Leveraging edge detection and neural networks for better UAV localization
Theo Di Piazza, Enric Meinhardt-Llopis, Gabriele Facciolo, Benedicte Bascle, Corentin Abgrall, Jean-Clement Devaux
TL;DR
This work tackles GNSS-denied UAV geolocalization by converting UAV views into edge maps and encoding them into a latent embedding of dimension $1024$ for tiles of size $256\\times256$, then matching against a georeferenced reference set. Localization is performed via embedding similarity (dot-product) with a Lowe's ratio-based confidence check (threshold $1.13$) to filter uncertain predictions. The study compares BoVW, Auto-Encoder, and Triplet methods, finding that edge-preprocessed embeddings—especially the Auto-Encoder—significantly improve accuracy and robustness to illumination, rotation, and altitude perturbations. The proposed approach enables reliable, real-time onboard localization in GNSS-denied scenarios and informs edge-based preprocessing for geo-referenced image matching.
Abstract
We propose a novel method for geolocalizing Unmanned Aerial Vehicles (UAVs) in environments lacking Global Navigation Satellite Systems (GNSS).
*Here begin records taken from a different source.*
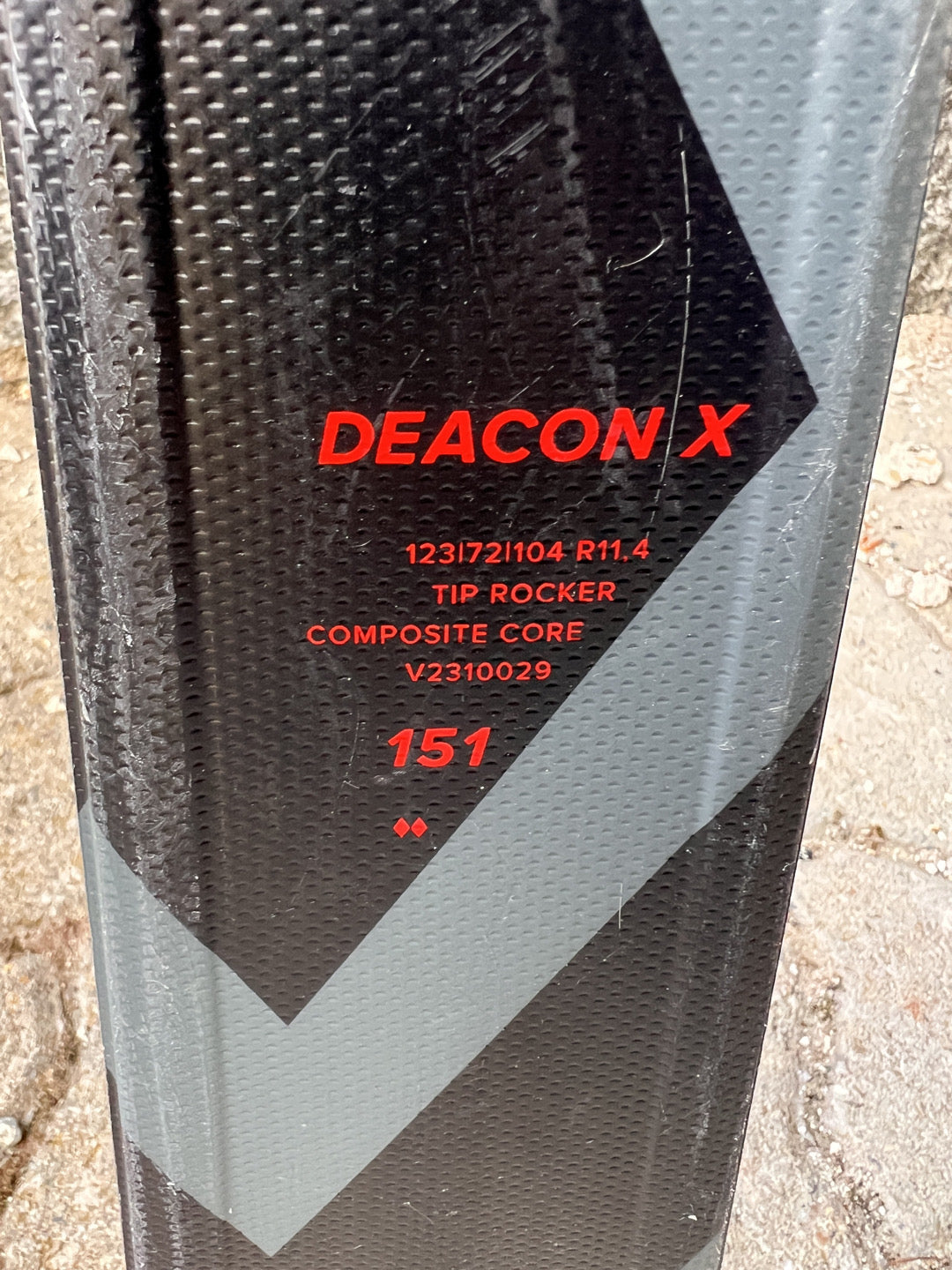 151cm sci Volkl Deacon X raggio 11.4m Test usati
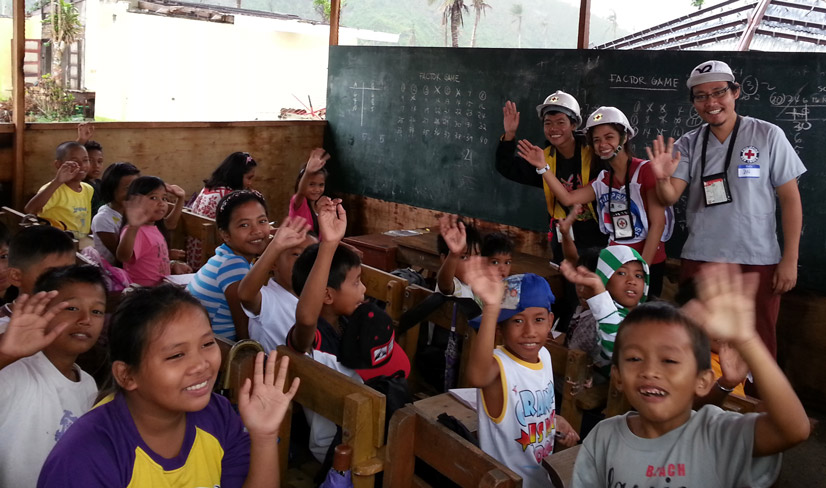 Bicol with children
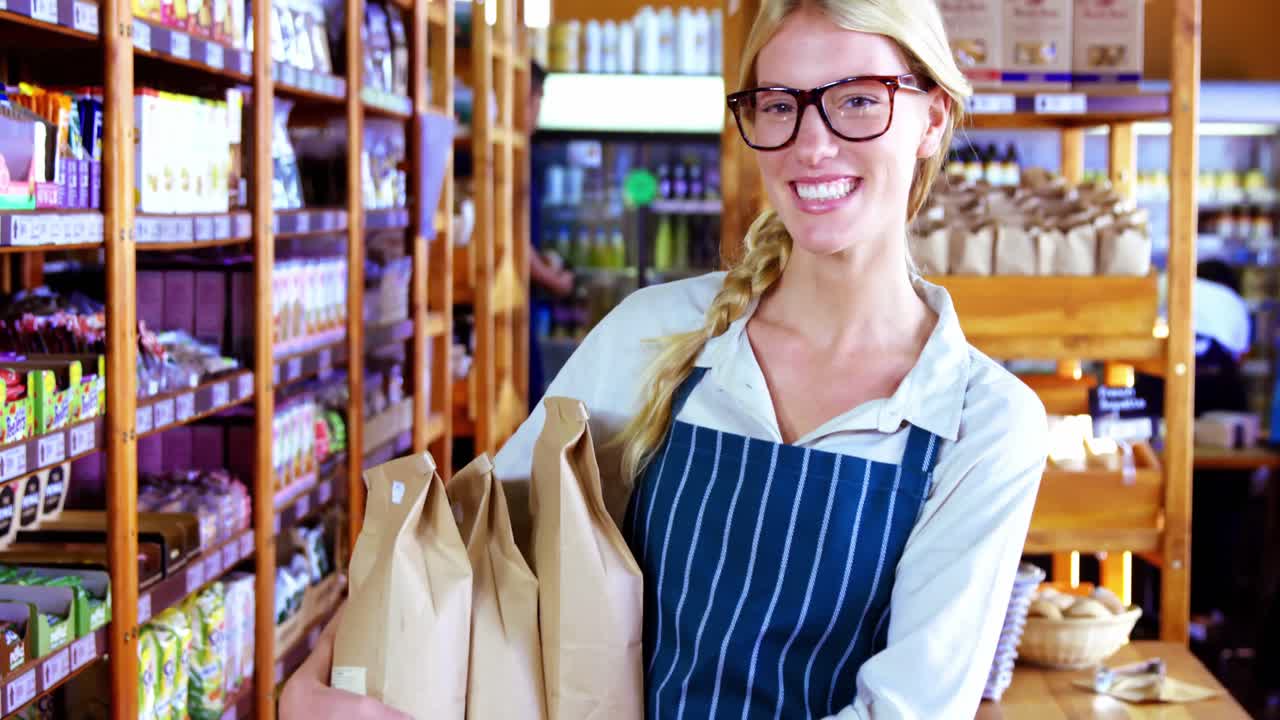 personal femenino que sostiene un paquete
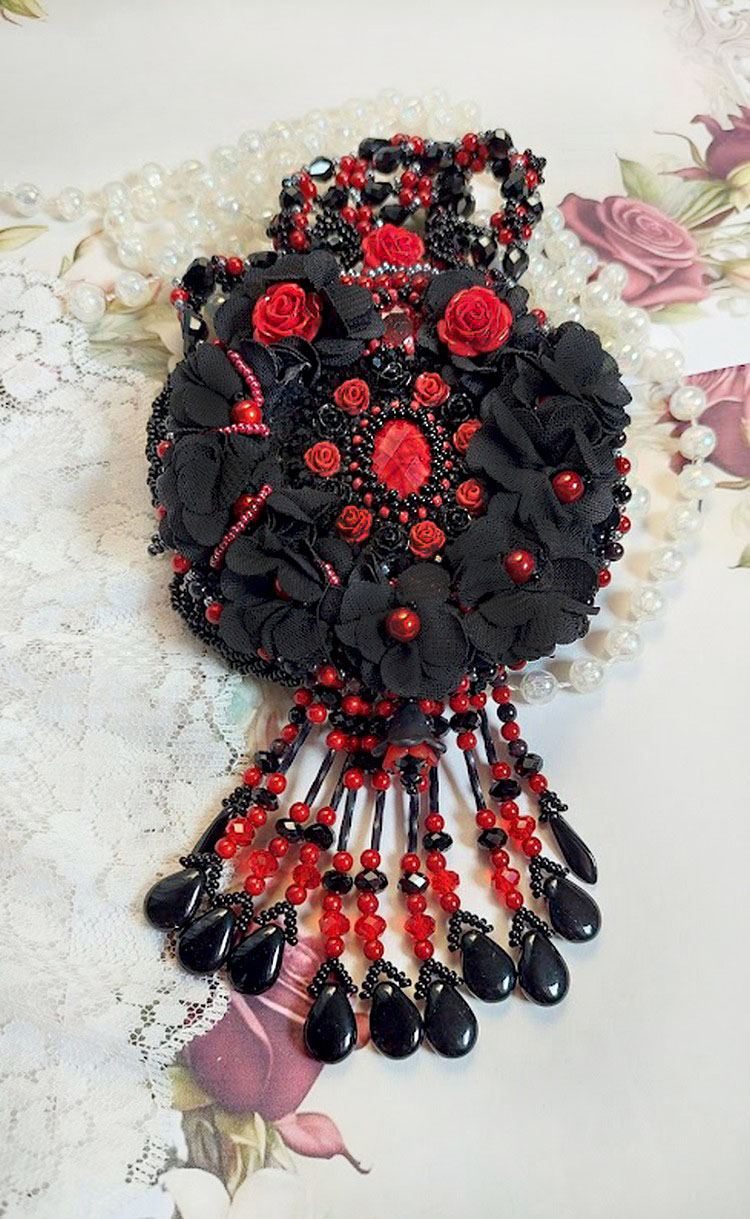 Collier Midnight in Paris brodé avec roses et cabochon en résine, perles magiques, ruban fleurs et perles Cristal Swarovski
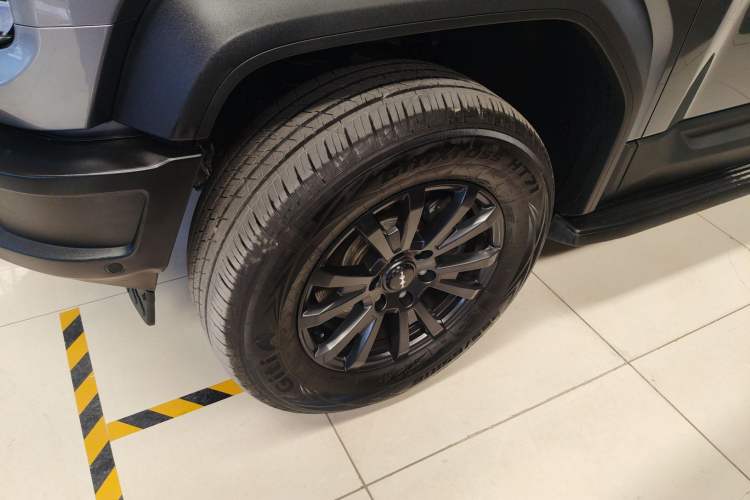 Used Formula Leopard 5 2023 Navigator Edition Left Front Wheel Hub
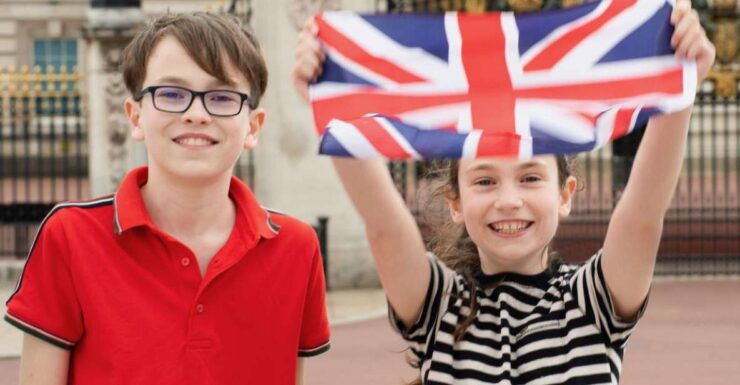 Bobbies, Corgis and the 7 Lions - The Royal Residence: Buckingham Palace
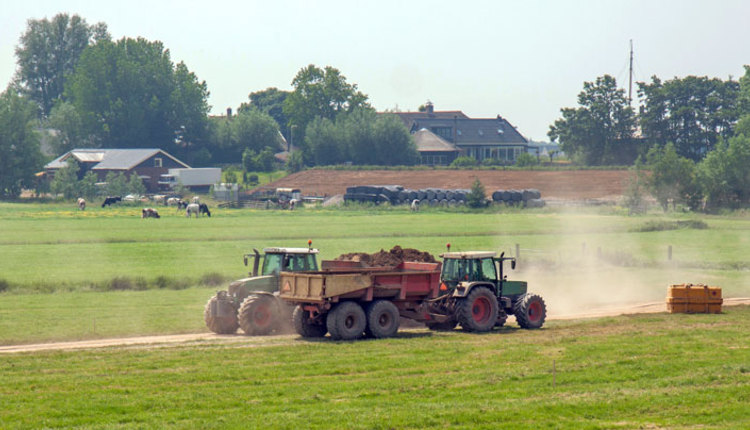 tractor-pulling-manure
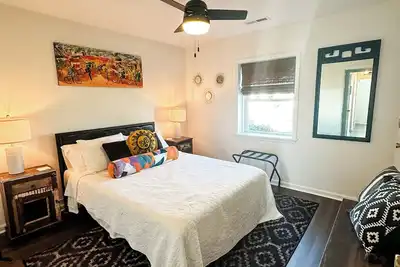 Image de New! Lakefront Hideaway - Peaceful & Serene & Filled w Nature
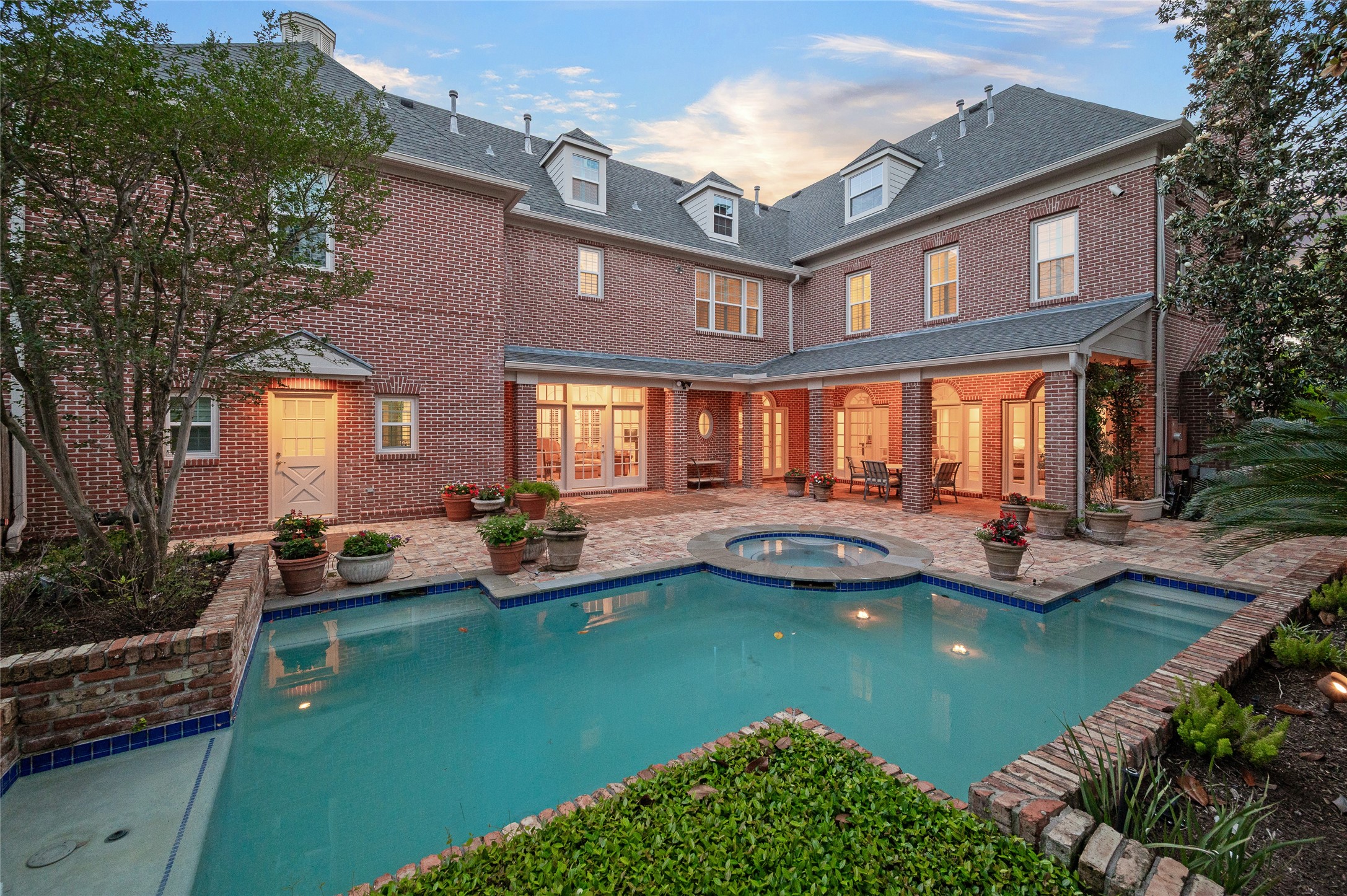  5495 Sugar Hill Drive - 物件實景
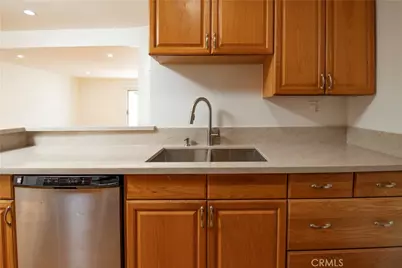 18620 Hatteras St #249, Tarzana, CA 91356 - Photo 10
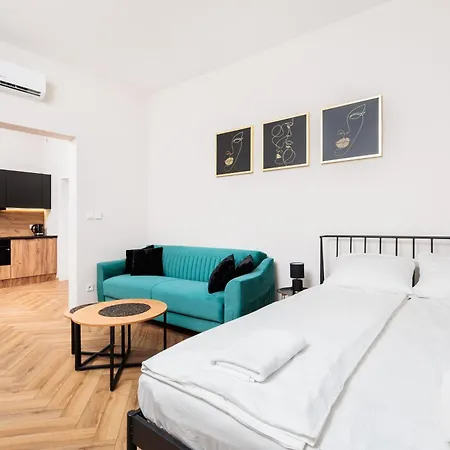 Of The Kings-poselska 24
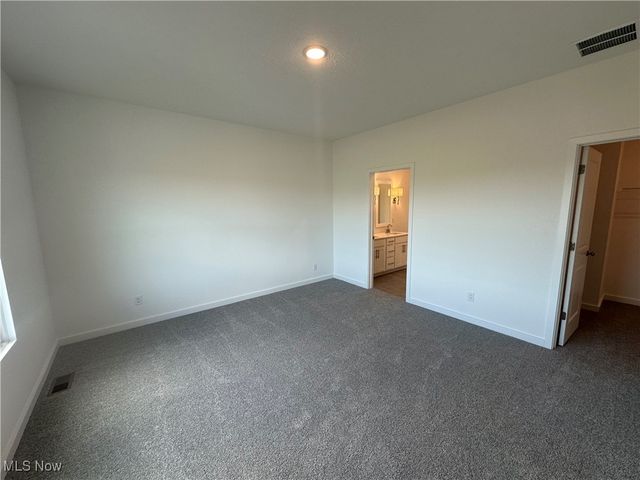 2975 McIntosh Drive NE, Louisville, OH 44641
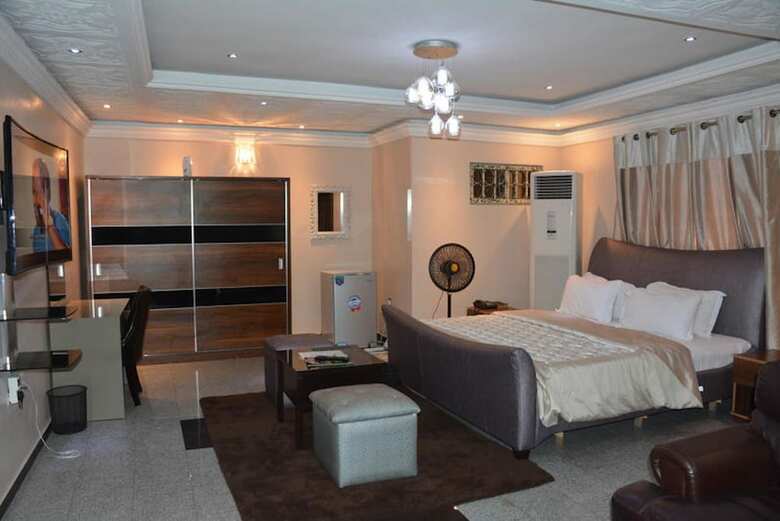 Platinum Inn Gee Hotel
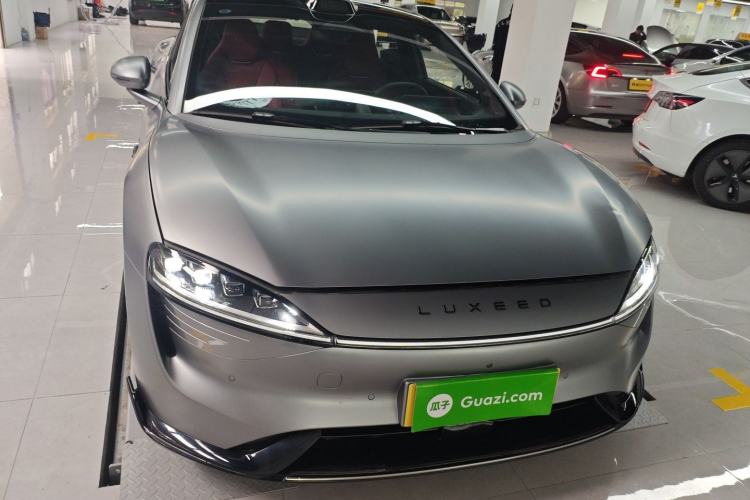 Used Hima Luxeed S7 2025 785 km Ultra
Current state-of-the-art techniques employ an offline-trained encoder to generate a vector representation (embedding) of the UAV's current view, which is then compared with pre-computed embeddings of geo-referenced images to determine the UAV's position. Here, we demonstrate that the performance of these methods can be significantly enhanced by preprocessing the images to extract their edges, which exhibit robustness to seasonal and illumination variations. Furthermore, we establish that utilizing edges enhances resilience to orientation and altitude inaccuracies. Additionally, we introduce a confidence criterion for localization. Our findings are substantiated through synthetic experiments.